WHAT YOU HAVE TO DO: Keep to one stretch of the data below, the lines from the one with "PMPML buses parked" up to and including the one with "Christian Mug –", and return that stretch exactly.

SUPPLIED RECORDS:
+++

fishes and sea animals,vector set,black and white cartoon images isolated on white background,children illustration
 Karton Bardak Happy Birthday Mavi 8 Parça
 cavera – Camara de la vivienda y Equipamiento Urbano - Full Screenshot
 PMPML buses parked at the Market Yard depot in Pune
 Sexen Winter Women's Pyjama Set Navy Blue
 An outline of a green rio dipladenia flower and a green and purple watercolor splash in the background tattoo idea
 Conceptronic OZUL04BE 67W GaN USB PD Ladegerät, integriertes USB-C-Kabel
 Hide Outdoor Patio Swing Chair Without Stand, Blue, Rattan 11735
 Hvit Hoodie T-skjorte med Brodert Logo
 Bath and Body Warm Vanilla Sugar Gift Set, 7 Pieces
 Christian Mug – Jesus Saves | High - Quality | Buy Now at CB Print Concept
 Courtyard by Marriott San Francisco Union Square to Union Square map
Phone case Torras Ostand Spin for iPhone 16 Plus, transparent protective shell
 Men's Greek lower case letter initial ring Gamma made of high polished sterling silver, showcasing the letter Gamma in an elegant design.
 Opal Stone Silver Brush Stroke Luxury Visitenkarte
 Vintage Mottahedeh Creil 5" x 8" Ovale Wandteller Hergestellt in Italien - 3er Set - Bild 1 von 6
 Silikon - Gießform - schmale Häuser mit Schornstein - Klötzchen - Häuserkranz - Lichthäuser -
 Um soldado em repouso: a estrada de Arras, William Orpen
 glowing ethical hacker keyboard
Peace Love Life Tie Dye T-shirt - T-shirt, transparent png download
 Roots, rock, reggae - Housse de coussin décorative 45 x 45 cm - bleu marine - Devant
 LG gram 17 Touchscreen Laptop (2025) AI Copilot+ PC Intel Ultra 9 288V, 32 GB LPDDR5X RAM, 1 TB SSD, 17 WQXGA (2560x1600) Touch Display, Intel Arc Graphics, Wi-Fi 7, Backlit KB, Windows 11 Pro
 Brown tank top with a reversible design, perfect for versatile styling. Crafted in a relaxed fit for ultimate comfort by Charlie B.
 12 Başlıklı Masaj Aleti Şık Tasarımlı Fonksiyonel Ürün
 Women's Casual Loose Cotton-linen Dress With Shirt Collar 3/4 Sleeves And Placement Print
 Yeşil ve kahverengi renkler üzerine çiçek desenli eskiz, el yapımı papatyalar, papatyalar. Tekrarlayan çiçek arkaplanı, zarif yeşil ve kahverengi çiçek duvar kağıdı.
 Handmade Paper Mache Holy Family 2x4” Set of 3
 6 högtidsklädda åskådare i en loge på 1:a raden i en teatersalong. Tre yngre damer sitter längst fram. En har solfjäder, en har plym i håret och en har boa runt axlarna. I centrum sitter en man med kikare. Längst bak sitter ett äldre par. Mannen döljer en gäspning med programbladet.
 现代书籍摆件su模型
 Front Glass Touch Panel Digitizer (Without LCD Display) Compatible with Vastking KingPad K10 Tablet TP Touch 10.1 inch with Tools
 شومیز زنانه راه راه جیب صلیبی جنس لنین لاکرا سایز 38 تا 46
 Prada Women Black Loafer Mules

+++

WRITTEN REPLY:
 PMPML buses parked at the Market Yard depot in Pune
 Sexen Winter Women's Pyjama Set Navy Blue
 An outline of a green rio dipladenia flower and a green and purple watercolor splash in the background tattoo idea
 Conceptronic OZUL04BE 67W GaN USB PD Ladegerät, integriertes USB-C-Kabel
 Hide Outdoor Patio Swing Chair Without Stand, Blue, Rattan 11735
 Hvit Hoodie T-skjorte med Brodert Logo
 Bath and Body Warm Vanilla Sugar Gift Set, 7 Pieces
 Christian Mug – Jesus Saves | High - Quality | Buy Now at CB Print Concept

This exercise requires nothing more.